This cause concerns interpretation of the maximum permitted production for two gas wells established by three orders issued by the Oklahoma Corporation Commission (Corporation Commission).5 The orders cover an irregular 1,000 acre drilling and spacing unit (Belcher Unit) consisting of the E/2 E/2 of Section 22, all of Section 23, the N/2 N/2 of Section 26, and the NE/4 NE/4 of Section 27, all in Township 5N, Range 11W, Caddo County, Oklahoma. Two of the orders concern the Belcher No. 2 (increased density well) and were issued on April 20, 1983. Order No. 237086 provides for the drilling of the increased density well in the Belcher Unit. Order No. 237085 provides for the Belcher No. 2 to be drilled off-pattern, and assesses a twenty-five percent penalty against production. The third order relates to the Belcher No. 1 and was issued on January 26, 1984. Order No. 252636 (hardship order) recognizes the Belcher No. 1 as a hardship well. The cause turns on whether the hardship well order created a separate rate of production for the Belcher No. 1.

The original well in the Belcher Unit, the Belcher No. 1, was completed in 1973. The increased density well, the Belcher No. 2, [779]*779was completed in 1983 as an off-pattern well.

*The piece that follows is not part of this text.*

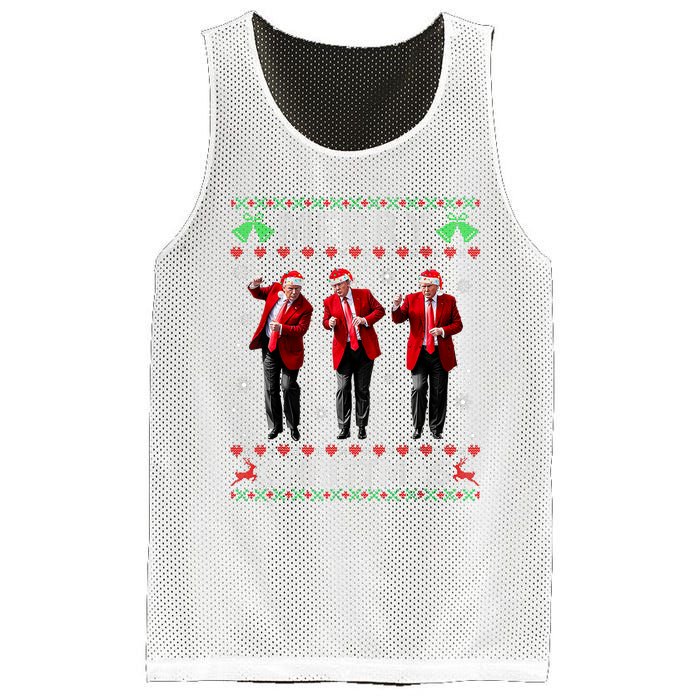 Funny Trump Dance Merry Christmas Ugly Xmas Sweater Pajamas Mesh Reversible Basketball Jersey Tank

As a result of a work-over operation, the Belcher No. 1 began to experience down-hole problems. After application by the appellant, Forest Oil Corporation (Forest),6 the Corporation Commission granted the No. 1 well hardship status as a distressed well on January 26, 1984. In 1987, the Corporation Commission staff questioned the continued need to classify the Belcher No. 1 as a hardship well. Issues were also raised concerning the production allowable for the Belcher Unit.

After months of negotiation concerning production from the Belcher Unit, the technical department of the Corporation Commission wrote a letter to Forest on December 1, 1987.' The letter stated that the Corporation Commission would support a maximum permitted production from the Belcher No. 1 of 2 million cubic feet per day (MCDF). The letter also indicated that if Forest did not take action to resolve the controversy in the Belcher Unit that production from the unit would be curtailed to 10% of its allowable to adjust for overproduction. In response, Forest filed an application with the Corporation Commission seeking relief for the Belcher No. 1. Forest requested that: 1) the Belcher No. 1 be given a permitted production allowable of 2 MCFD; 2) the well be excused from testing requirements; and 3) the current allowable be adjusted to eliminate or excuse any overage accumulated by the Belcher Unit. The appellee, Oklahoma Natural Gas Company (ONG),7 responded to Forest’s application on January 4, 1988. ONG requested that the Corporation Commission clarify the three orders covering the Belcher Unit and that production from the Belcher Unit be curtailed to make-up overage established as of December 31, 1987.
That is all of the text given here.